Hiroshi Nakajima's re-election as WHO's director general is being challenged on grounds of high-handedness.
JONATHAN Mann, who resigned as head of the World Health Organisation's AIDS programme during Hiroshi Nakajima's first term as WHO director general, is now challenging Nakajima's re-election.
Mann resigned after criticising Nakajima for his "personalised style of management" and for downgrading the organisation's AIDS programme.
Nakajima's re-election campaign was fierce and marked by a Japanese drive that drew allegations of promises of aid to smaller countries, bribes for diplomats and threats to cut funding to WHO.
The electioneering was so bruising many WHO officials have warned it would take time for the organisation to recover. After WHO's executive board voted 18-13 for Nakajima, his confirmation in May as director-general by the more than 170-nation World Health Assembly had appeared to be a mere formality. But Mann, writing in the International Herald Tribune, described the 64-year-old Nakajima's re-election as "profoundly disturbing" and criticised his failure "to articulate a clear global vision of health or to develop coherent responses to the world's major health problems."

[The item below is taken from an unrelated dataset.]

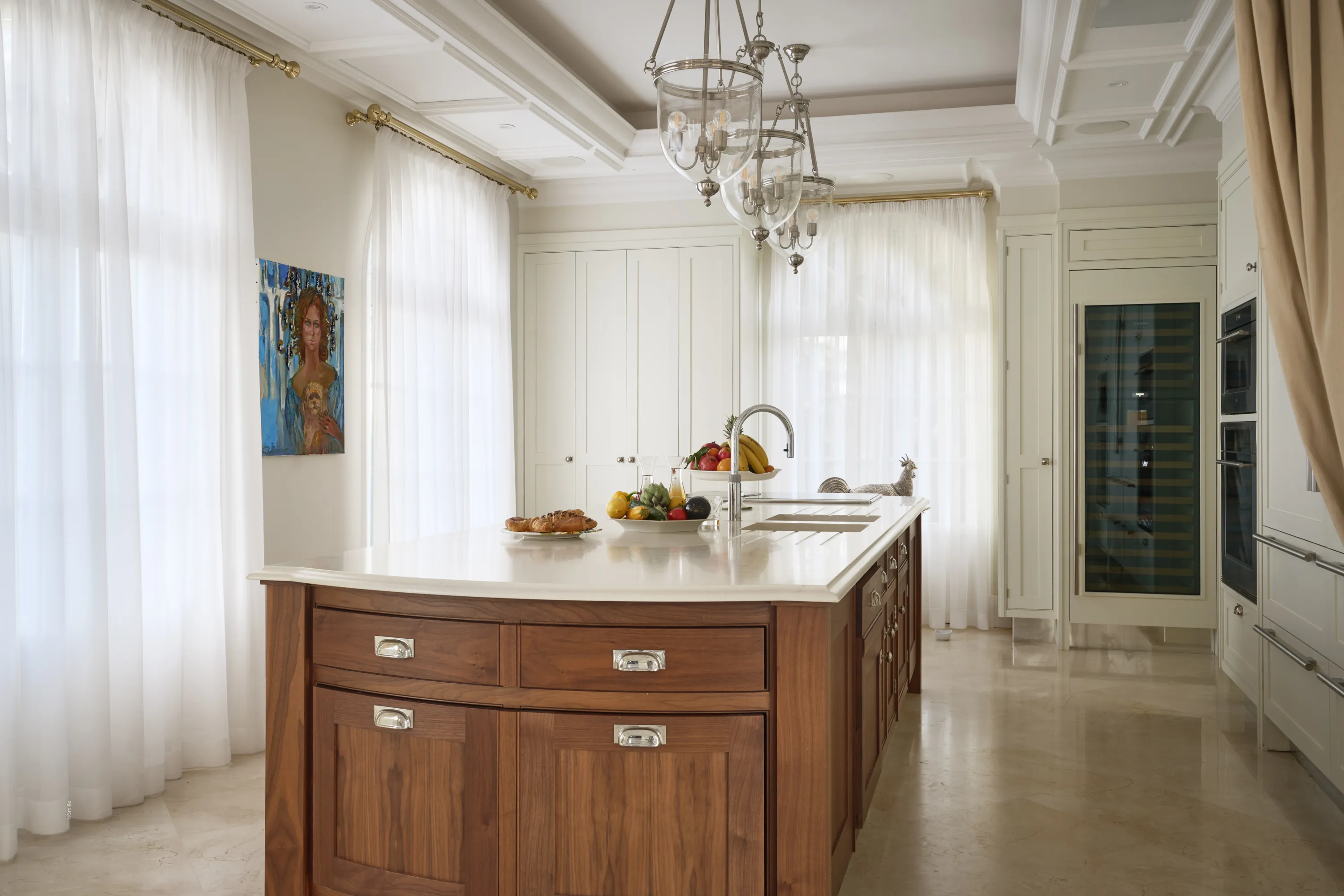 A bright, elegant kitchen features a central wooden island with a light countertop, a sink, fresh fruit, and pastries. White paneled cabinets line the walls, with a built-in wine cooler and ovens on the right. Large windows with sheer white curtains and gold rods are on the left, alongside a colorful painting. Three glass and silver pendant lights hang from the white coffered ceiling, illuminating the polished light marble floor.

Mann also suggested that instead of simply confirming the executive board's vote, the World Health Assembly should require all declared candidates for the post to stage a public debate because this would air vital health issues and "break the web of secrecy" surrounding the filling of key UN posts. "It is wrong for the global public and global health to be held hostage to secrecy, silence and the spectre of power politics," Mann said.